• [Exercise inputs]:

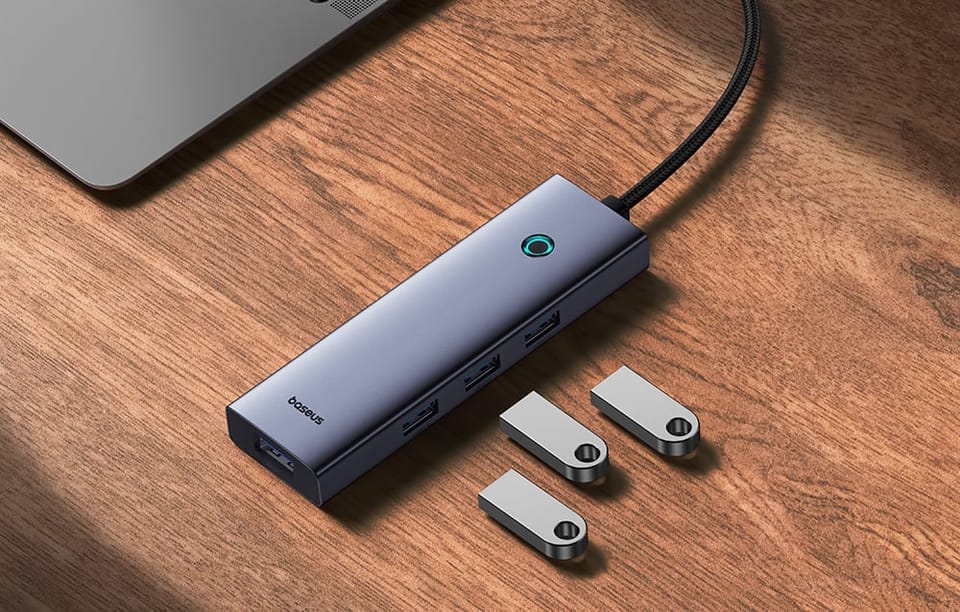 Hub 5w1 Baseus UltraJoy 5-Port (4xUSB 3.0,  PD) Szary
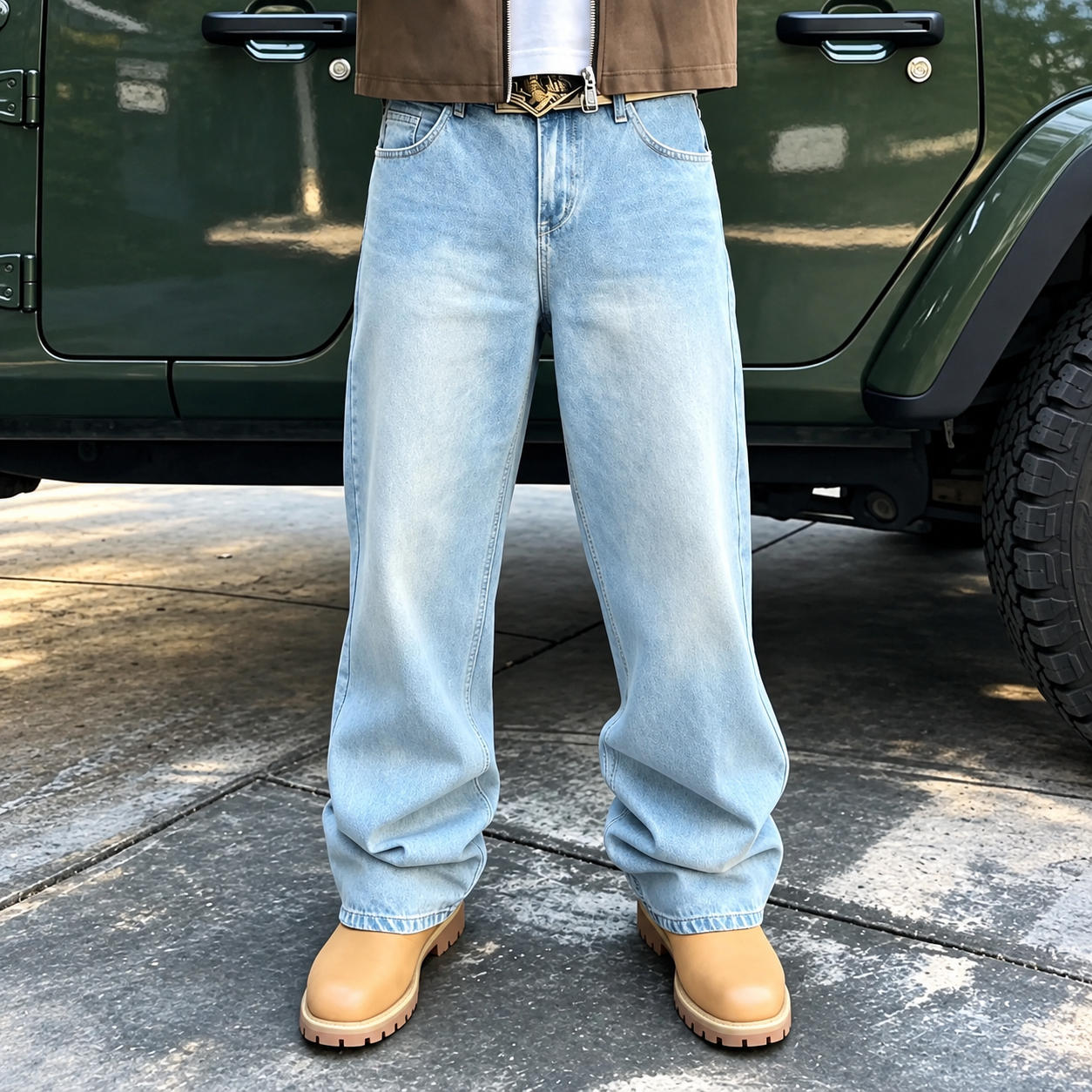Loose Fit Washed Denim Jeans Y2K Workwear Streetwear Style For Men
==
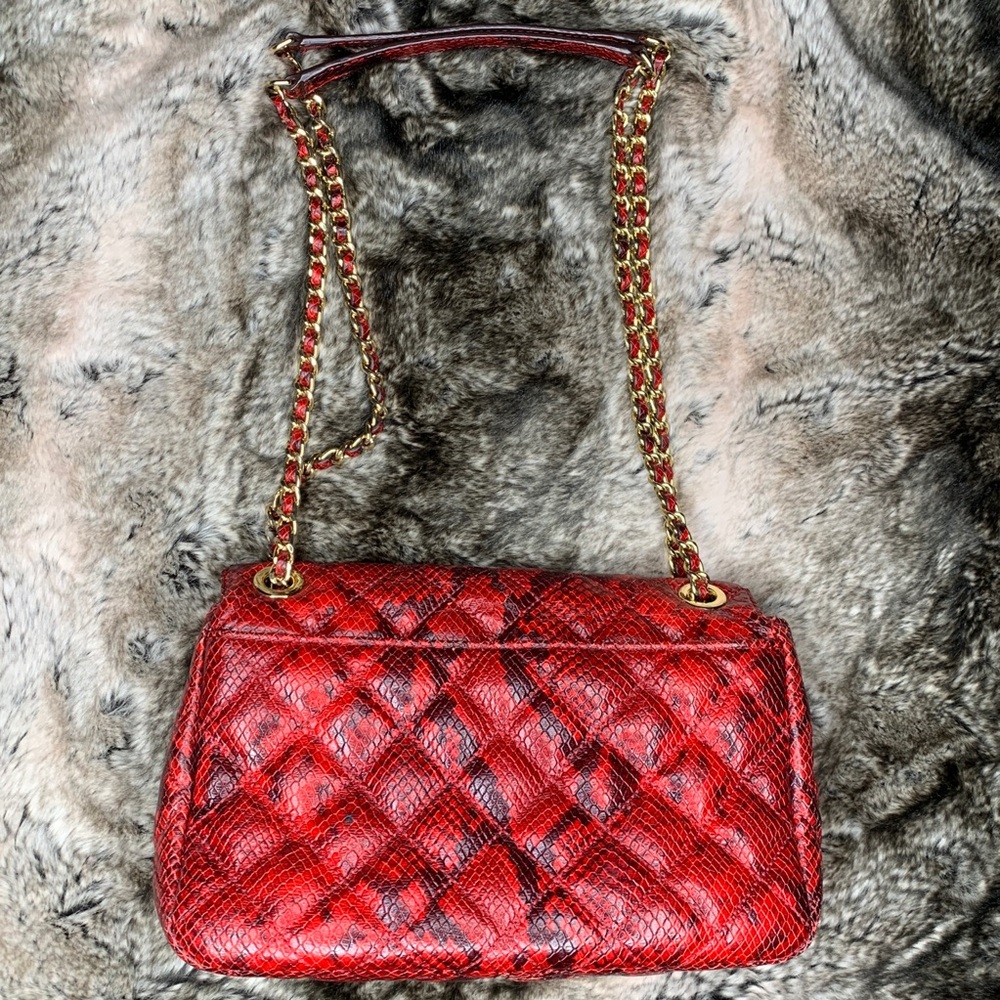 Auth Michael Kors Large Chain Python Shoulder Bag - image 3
---
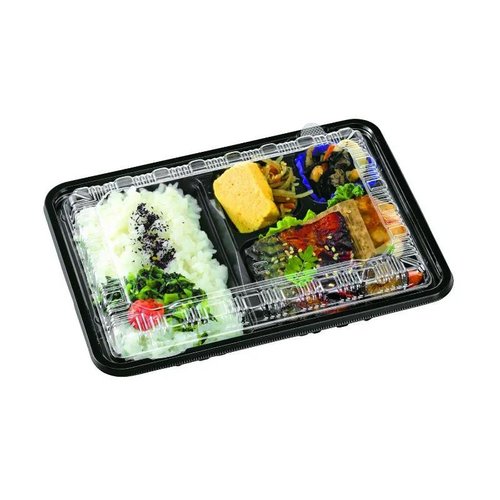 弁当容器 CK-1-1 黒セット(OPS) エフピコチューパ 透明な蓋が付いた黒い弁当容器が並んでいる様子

• [Exercise instructions]: Return exactly the lines above, from the one with "Hub 5w1 Baseus" up to and including the one with "Loose Fit Washed", and include no pictures.

• [Answer section]:
 Hub 5w1 Baseus UltraJoy 5-Port (4xUSB 3.0,  PD) Szary
Loose Fit Washed Denim Jeans Y2K Workwear Streetwear Style For Men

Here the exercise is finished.